To run our experiment, we need to define a trainer from Pytorch-Lightning.

It allows us to specify the number and type of devices used, configure average mixed precision, and whether to use synchronized batch normalization or not, …:

trainer:
  _target_: lightning.pytorch.trainer.Trainer
  accelerator: gpu
  benchmark: true
  devices: -1
  max_epochs: 200
  num_nodes: 1
  precision: 16
  strategy:
    _target_: lightning.pytorch.strategies.DDPStrategy
    find_unused_parameters: false
    static_graph: false
  sync_batchnorm: true

Also, you should define the callbacks fired by the trainer such as the checkpointing for the model:

callbacks:
  model_checkpoint:
    _target_: eztorch.callbacks.ModelCheckpoint
    dirpath: pretrain_checkpoints
    filename: '{epoch}'
    save_last: false
    save_top_k: -1
    mode: min
    every_n_epochs: 100

Job configuration

Hydra allows you to configure its behavior to define a run directory to store your result, also used by Eztorch to change your pwd. You can also specify Python packages to retrieve configuration to inherit from or to include in your current config:

hydra:
  searchpath:
    - pkg://eztorch.configs
  run:
    dir: ${...dir.run}

You can define the various directories for your experiment:

  • the root of your experiments

  • the current experiment

  • the data

dir:
  data: ???
  root: /output/
  exp: pretrain
  run: ${.root}/${.exp}

Finally, Pytorch-Lightning provides a nice tool to define seeds on all packages:

seed:
  _target_: lightning.fabric.utilities.seed.seed_everything
  seed: 42
  workers: true

Launch the pretraining

To launch the pretraining of SCE and use our current configuration, you have to call the right Python script with the location of the configuration.

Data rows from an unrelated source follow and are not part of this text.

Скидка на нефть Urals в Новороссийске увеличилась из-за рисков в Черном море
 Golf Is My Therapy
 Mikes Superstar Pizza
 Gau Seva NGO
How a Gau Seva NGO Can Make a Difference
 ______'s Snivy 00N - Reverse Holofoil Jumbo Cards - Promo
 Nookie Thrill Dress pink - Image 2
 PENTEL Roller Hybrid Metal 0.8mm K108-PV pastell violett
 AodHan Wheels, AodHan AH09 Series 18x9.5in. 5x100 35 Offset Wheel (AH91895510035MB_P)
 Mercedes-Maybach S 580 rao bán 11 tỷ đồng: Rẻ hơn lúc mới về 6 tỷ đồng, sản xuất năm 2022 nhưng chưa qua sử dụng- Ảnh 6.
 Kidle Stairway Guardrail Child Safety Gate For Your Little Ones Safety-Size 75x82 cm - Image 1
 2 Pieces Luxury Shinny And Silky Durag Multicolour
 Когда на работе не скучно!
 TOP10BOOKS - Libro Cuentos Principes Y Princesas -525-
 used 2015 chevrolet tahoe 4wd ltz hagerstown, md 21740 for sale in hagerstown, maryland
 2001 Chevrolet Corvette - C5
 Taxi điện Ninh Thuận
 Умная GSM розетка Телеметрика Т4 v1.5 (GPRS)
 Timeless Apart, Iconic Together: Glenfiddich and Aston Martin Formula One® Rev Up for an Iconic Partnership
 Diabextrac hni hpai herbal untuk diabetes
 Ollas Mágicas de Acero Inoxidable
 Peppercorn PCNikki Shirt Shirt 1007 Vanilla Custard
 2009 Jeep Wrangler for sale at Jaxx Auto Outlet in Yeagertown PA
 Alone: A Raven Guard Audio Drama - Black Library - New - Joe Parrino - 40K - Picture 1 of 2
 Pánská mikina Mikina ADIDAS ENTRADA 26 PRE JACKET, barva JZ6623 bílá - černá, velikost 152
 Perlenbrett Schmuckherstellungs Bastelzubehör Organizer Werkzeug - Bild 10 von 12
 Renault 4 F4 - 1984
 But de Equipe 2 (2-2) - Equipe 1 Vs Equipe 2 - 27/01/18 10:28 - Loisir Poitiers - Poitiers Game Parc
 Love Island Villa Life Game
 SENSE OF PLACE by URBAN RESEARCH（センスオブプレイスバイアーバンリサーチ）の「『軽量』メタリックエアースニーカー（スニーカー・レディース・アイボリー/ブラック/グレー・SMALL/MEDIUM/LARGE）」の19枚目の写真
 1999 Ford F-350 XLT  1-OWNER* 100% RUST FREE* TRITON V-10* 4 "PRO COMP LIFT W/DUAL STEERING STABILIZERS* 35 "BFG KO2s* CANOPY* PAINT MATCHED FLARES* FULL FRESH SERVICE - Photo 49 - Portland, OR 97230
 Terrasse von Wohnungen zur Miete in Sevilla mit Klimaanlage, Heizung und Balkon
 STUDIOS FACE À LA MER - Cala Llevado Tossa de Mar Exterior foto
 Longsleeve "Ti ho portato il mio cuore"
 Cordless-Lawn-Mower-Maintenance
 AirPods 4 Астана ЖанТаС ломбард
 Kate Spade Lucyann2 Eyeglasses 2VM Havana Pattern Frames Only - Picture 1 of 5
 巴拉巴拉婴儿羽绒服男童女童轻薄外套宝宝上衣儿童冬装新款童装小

Eztorch defines a pretrain script that provides you the script to launch pretraining depending on your hydra configuration.

The script to launch the experiments using SLURM is the following:

output_dir=... # The folder at the root of your experiment
dataset_dir=... # The folder containing the data

cd sce/run

config_path="../doc/examples/configs/"
config_name="pretrain_r3d18_SCE_kinetics200"
seed=42

srun --kill-on-bad-exit=1 python pretrain.py\
    -cp $config_path -cn $config_name\
    dir.data=$dataset_dir dir.root=$output_dir \
    dir.exp='pretrain' seed.seed=$seed \
    datamodule.train.loader.num_workers=3 \
    datamodule.val.loader.num_workers=3 \
    trainer.gpus=-1

Pytorch-lightning automatically detects we are using SLURM and through the srun command make the multi-GPU distributed training work.

As you can see, we provided the relative path to the configuration as well as its name to configure hydra with argparse-like arguments.

Configuration for our experiment is accessible the same way as in our Python code.